Let’s start with the most long-awaited one. As you know, when special characters appear as a part of an URL or inside the parameters of HTTP requests, they must be encoded, i.e. replaced with the “%”-codes. Unfortunately, different servers apply slightly different encoding rules. For example, in some cases the “@” character is encoded, but sometimes it is passed as is.

That was a big problem with all previous WAPT versions, because they applied only most common encoding scheme. Wherever a different rule was used, WAPT treated that as a non-standard encoding and did not decode such values leaving them in the poorly readable encoded form. It could not apply automatic parameterization to such values too.

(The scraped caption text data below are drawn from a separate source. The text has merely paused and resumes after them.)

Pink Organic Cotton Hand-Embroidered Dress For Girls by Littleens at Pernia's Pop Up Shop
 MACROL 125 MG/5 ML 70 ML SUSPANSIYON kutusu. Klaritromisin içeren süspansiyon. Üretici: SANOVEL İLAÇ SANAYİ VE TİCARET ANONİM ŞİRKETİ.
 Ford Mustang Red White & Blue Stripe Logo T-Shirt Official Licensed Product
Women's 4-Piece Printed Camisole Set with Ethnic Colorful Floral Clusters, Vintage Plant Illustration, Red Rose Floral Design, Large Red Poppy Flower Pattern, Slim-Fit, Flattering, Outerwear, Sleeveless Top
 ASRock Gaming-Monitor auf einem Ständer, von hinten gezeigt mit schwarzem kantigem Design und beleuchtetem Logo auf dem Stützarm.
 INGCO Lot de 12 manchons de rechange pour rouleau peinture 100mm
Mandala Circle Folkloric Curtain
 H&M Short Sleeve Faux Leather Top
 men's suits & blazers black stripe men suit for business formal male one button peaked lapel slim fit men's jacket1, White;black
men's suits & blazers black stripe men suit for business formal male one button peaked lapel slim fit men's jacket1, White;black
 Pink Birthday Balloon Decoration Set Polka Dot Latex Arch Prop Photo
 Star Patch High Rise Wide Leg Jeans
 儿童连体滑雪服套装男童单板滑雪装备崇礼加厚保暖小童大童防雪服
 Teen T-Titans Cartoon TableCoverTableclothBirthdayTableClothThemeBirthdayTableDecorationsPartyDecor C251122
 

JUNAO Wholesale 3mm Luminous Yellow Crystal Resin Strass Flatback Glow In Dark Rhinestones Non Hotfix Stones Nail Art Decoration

Now you have a choice of encoding schemes for each parameter, and best of all, the right option (or the most relevant one) is selected automatically on recording.

Page resources as sub-requests

What was regarded as “page elements” in the old version is now renamed to “page resources”. They are shown as sub-requests in the left view and each of them has almost all properties of a regular request. This makes them easier to parameterize.

Besides that you can now clearly see which page requests have additional resource requests associated with them and which do not.

Status bar information

If you select a profile or a number of requests inside it, you can now get cumulative information on the selection in the status bar. This way you can assess which part of the profile is lighter or heavier in terms of response size, number of variables or time it takes to execute.

POST requests with green icon

Usually only a small number of requests in a profile use POST method, yet those ones are most important, because they actually post data to the server in order to perform a transaction. Now they are not lost among other numerous routine requests and can be easily spotted by the green icon.

JavaScript test button

The easiest way to insert a JavaScript code in a profile has always been the JavaScript operator. However to check the result of the code execution one would need to verify the whole profile and review the log. That turned the code debugging into a nightmare. With one elegant change we have just fixed that by upgrading the functionality of the “Test” button located next to the code view. Now it does not only perform syntax check, but actually executes the code taking the original server responses and variable values for the context.

This is now similar to the work of that button in the function specification dialogs.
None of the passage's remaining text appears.